**EXERCISE DATA**
-- Opening Marker --

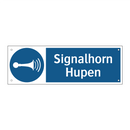 Signalhorn Hupen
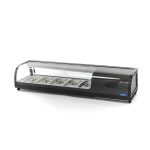 Présentoir de sushis et de tapas - 52 L - incl 5 x 1/3 GN - modèle de table - Maxima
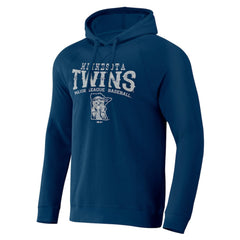 Minnesota Twins Darius Rucker Collection by Fanatics Waffle-Knit Raglan Pullover Hoodie | MLB Discount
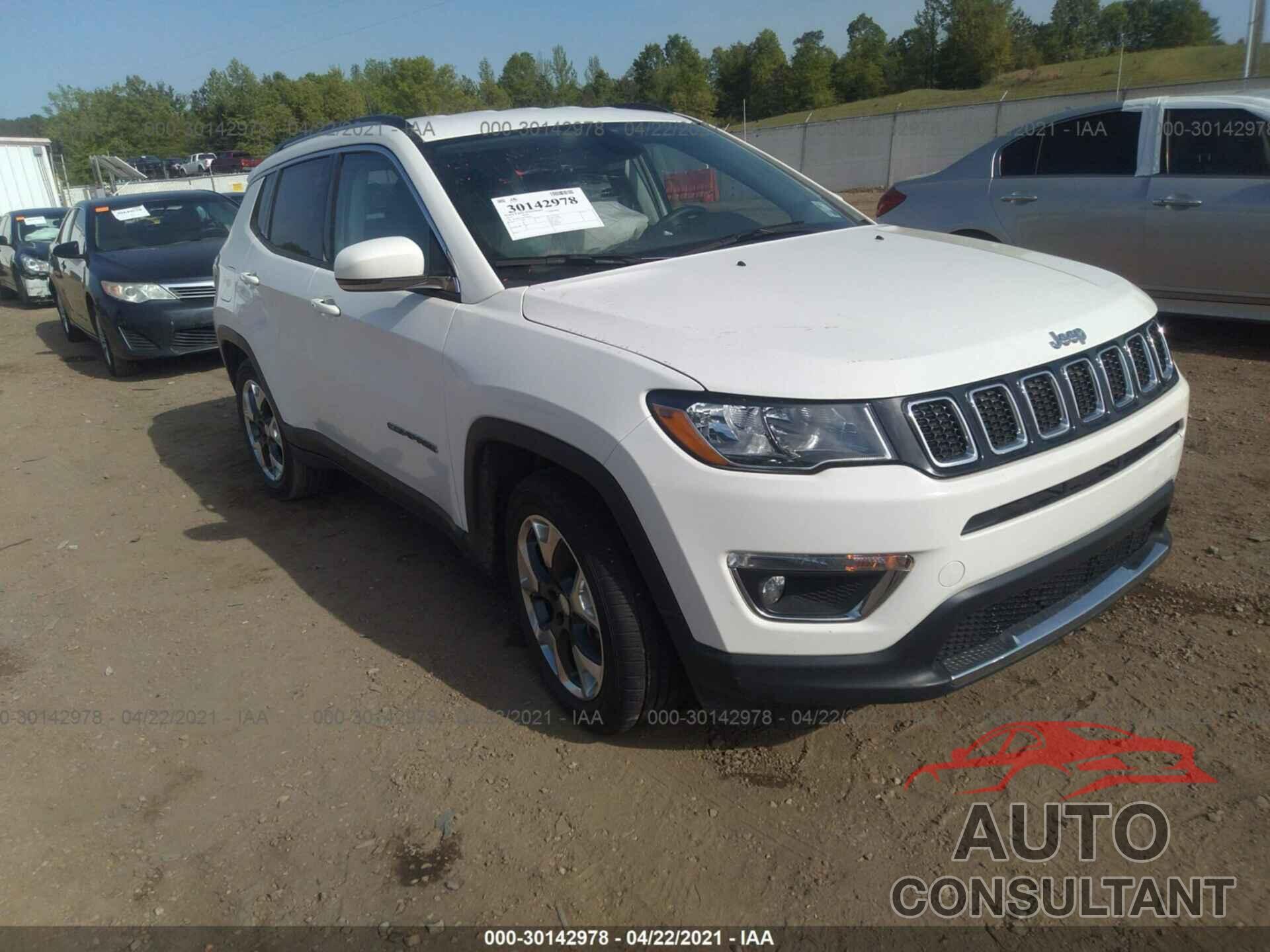 JEEP COMPASS 2019 - 3C4NJCCB4KT660131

-- Closing Marker --

**AIM OF THE TASK**
Omit the pictures and write out the remaining data exactly.

**WRITTEN RESPONSE**
 Signalhorn Hupen
 Présentoir de sushis et de tapas - 52 L - incl 5 x 1/3 GN - modèle de table - Maxima
 Minnesota Twins Darius Rucker Collection by Fanatics Waffle-Knit Raglan Pullover Hoodie | MLB Discount
 JEEP COMPASS 2019 - 3C4NJCCB4KT660131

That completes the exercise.